Leading the declines was the Kospi, which ended trading at 5,065.14 points, marking one of the worst performances in its recent history, with losses exceeding 12%. The Seoul market was particularly hit by the country’s energy vulnerability and the heavy weighting of export-driven technology giants, which suffered amid the broader risk-off sentiment.
The Nikkei 225 also posted steep losses, closing at 53,834.75 points (-4.3%). In Tokyo, declines were partially cushioned by a weaker yen, but concerns over structurally higher energy costs and renewed inflationary pressures outweighed recent optimism that had supported equities in previous weeks.
Heavy selling was also seen in Hong Kong, where the Hang Seng fell around 2–3%, hovering just above the 25,000 mark, while the Shanghai Composite limited losses yet still finished in negative territory at 4,063.57 points (-1.4%).
The spike in oil and gas prices has reignited fears of a resurgence in global inflation, complicating expectations for monetary easing by major central banks.
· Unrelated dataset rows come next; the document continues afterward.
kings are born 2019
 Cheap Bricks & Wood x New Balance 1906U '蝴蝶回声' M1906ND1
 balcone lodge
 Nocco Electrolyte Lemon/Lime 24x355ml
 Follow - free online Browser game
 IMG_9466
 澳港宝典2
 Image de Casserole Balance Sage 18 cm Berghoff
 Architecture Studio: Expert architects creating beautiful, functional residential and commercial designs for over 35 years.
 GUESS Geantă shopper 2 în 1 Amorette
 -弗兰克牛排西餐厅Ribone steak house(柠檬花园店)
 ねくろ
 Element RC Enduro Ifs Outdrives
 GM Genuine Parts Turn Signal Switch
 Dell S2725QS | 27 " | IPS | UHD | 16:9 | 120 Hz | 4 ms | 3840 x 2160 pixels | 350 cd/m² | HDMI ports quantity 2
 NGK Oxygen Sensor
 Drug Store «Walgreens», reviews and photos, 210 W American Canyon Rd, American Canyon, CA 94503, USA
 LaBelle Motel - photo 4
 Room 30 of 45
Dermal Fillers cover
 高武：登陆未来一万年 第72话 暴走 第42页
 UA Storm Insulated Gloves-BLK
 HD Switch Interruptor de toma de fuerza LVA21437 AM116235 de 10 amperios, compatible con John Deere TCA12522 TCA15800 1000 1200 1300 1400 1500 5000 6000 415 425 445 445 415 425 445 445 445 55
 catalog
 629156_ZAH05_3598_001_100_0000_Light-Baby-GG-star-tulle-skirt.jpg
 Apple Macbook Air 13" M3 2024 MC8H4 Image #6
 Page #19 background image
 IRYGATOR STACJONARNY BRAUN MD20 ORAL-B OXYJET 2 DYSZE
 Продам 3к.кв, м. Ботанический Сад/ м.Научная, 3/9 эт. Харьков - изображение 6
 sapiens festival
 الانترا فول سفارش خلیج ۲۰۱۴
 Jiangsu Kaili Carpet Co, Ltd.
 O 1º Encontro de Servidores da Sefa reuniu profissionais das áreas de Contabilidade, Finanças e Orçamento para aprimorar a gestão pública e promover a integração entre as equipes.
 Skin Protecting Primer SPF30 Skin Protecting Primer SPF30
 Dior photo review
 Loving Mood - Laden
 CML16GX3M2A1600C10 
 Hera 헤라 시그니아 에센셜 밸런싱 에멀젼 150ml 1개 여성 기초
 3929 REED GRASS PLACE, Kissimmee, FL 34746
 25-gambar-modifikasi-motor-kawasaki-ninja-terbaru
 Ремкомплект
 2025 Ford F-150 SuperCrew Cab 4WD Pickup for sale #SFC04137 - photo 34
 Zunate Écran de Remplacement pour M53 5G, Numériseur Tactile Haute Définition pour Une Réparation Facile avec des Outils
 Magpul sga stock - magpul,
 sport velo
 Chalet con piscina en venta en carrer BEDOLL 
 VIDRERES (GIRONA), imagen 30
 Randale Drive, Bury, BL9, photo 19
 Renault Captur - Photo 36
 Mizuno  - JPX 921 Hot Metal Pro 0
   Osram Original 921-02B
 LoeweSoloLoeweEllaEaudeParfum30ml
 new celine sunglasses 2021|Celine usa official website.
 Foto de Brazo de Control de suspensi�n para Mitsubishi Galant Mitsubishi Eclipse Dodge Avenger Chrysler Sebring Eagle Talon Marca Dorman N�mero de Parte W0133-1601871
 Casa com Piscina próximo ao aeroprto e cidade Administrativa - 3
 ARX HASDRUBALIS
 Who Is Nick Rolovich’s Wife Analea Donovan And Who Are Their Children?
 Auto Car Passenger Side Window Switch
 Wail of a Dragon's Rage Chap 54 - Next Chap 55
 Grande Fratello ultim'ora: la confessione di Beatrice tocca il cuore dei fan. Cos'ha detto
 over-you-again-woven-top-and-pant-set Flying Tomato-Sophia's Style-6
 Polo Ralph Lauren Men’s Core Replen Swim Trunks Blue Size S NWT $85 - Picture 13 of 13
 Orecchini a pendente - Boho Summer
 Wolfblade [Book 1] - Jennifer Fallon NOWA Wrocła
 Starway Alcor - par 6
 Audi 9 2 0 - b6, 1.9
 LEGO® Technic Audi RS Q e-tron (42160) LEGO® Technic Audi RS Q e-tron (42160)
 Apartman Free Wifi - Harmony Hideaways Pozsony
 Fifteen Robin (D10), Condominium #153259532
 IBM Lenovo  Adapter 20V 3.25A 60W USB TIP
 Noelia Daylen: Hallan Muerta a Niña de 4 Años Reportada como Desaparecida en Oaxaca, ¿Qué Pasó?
Market sentiment quickly shifted into full risk-off mode: profit-taking in cyclical and technology stocks, heightened volatility, and increased demand for safe-haven assets.
The March 4 session thus leaves Asian markets facing a climate of heightened uncertainty: as long as geopolitical instability persists, the trajectory of regional equities is likely to be driven more by international developments than by domestic economic fundamentals.